We came to a street and turned a couple of times until we smelled spicy, delicious things and decided to get some dinner before the concert. There was a man with a cart selling some kind of meat on a stick, three for 10 yuan (about $1.50). Well, heck, sounds like an authentic Chinese experience. And on both sides were I guess what you could call cafes with outdoor only seating, and the customers all looked healthy enough. We asked for only a little spicy, so the guy spread on about 8 layers of a cayenne/chili/super spicy pepper sauce while the sticks of meat roasted over a propane flame. It only took one bite of those spicy mystery meat sticks to get us sucking in air and looking for a drink. We were definitely getting stares.
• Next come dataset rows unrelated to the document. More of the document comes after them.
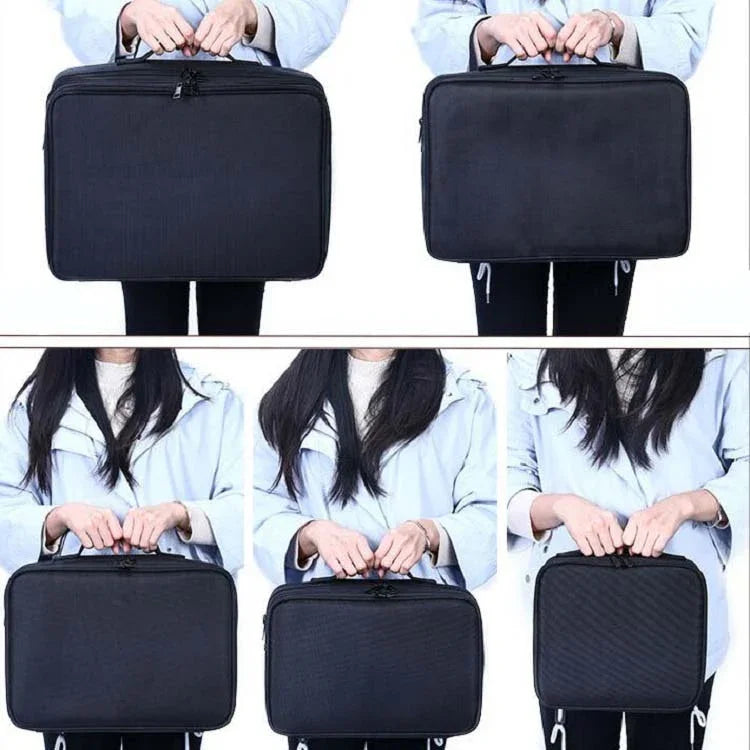 Makeup Bag Embroidery Manicure Portable Clapboard Toolbox, Large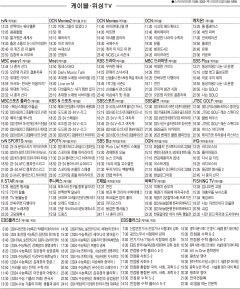 10월25일(수) 케이블·위성TV 편성표
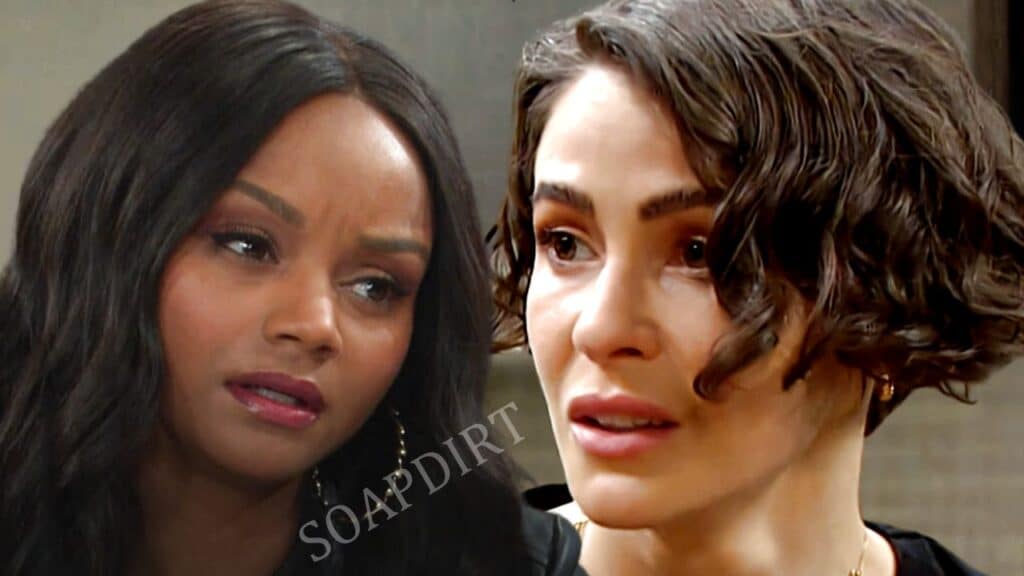 Days of our Lives: Sarah Horton (Linsey Godfrey) - Chanel Dupree (Raven Bowens)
The owner of the restaurant next door (well, five feet to the right at a separate fold up table) was more than happy to sell us coke bottles. We had walked a few yards down the street before we figured out the Chinese yelling behind us was actually yelling at us. The coke bottles were glass, and they definitely wanted them back when we’d finished, so we sat down at a picnic table on the sidewalk. When the meat sticks didn’t fill us up, we went down to another “next door” restaurant (another propane-cook top area with tables) and order some bowls of meat with kung-pao-like sauce and rice. Feeling like we’d gotten a fill of a real Kunming experience, we caught a cab back to our five-star hotel to get ready for Whitney’s concert.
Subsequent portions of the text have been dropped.